DOHC engines are complex and have delicate long chains, and are volumetrically much larger than their displacement :
Vette LS engines are very compact, with a low center of mass :
The disadvantage of pushrods is that you can't run 4 valves per cylinder and you can't run complicated adaptive valve timing, but who cares? The drawback is that it's hard to make them low emission / high mileage and also big power ; certainly the car nuts who intentionally ruin their emission systems shouldn't care. Fetishization of the number of valves or whatever is retarded; the only thing that matters is power to weight. If the power to weight is good, it's a good engine. And the GM LS engine has excellent power to weight, is very cheap to make and maintain, has a wide power band, and is durable if oiled properly.

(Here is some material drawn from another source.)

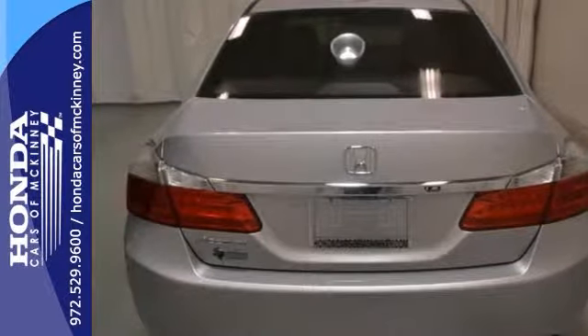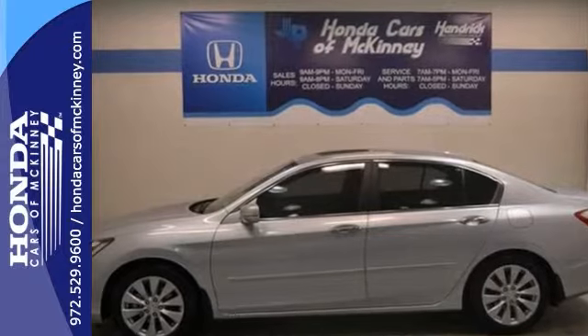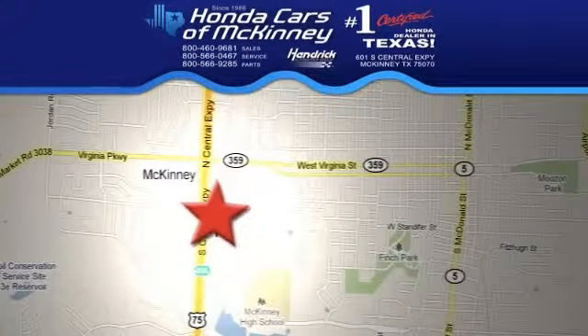Come on in and take it for a test drive before it slips away. Stop in today. We're conveniently located on Highway 75, northbound exit 40A in McKinney.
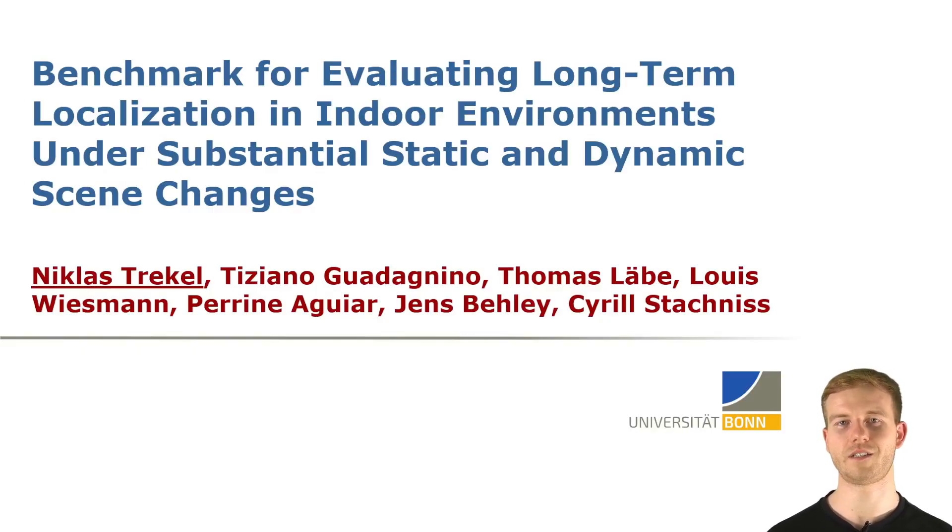Hello, my name is Niklas Trickel and I here present our work on a benchmark for evaluating long-term localization in changing indoor environments.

If there's a valid complaint about the LS engines (other than environmental), it's that flat power curves just somehow don't feel as good as peaky ones. It's satisfying to have to wring out an engine to the top of its rev range; an engine that just burbles and takes off at any speed is just too easy. This is one of those cases where I feel like only the Japanese really get it right with cars like the S2000, having to make lots of shifts and get the revs screaming is part of the visceral, tacile, involved fun of a sports car.
It's the very compact geometry of the LS engine that makes it possible to swap into old cars that had much smaller displacement engines originally (Porsche 914's, Nissan 240's, Mazda RX7's, etc.). A big DOHC V8 doesn't fit in those cars but the pushrod LS does. (that's not the only reason for its popularity of course - it's very cheap, powerful, easy to work on, etc.).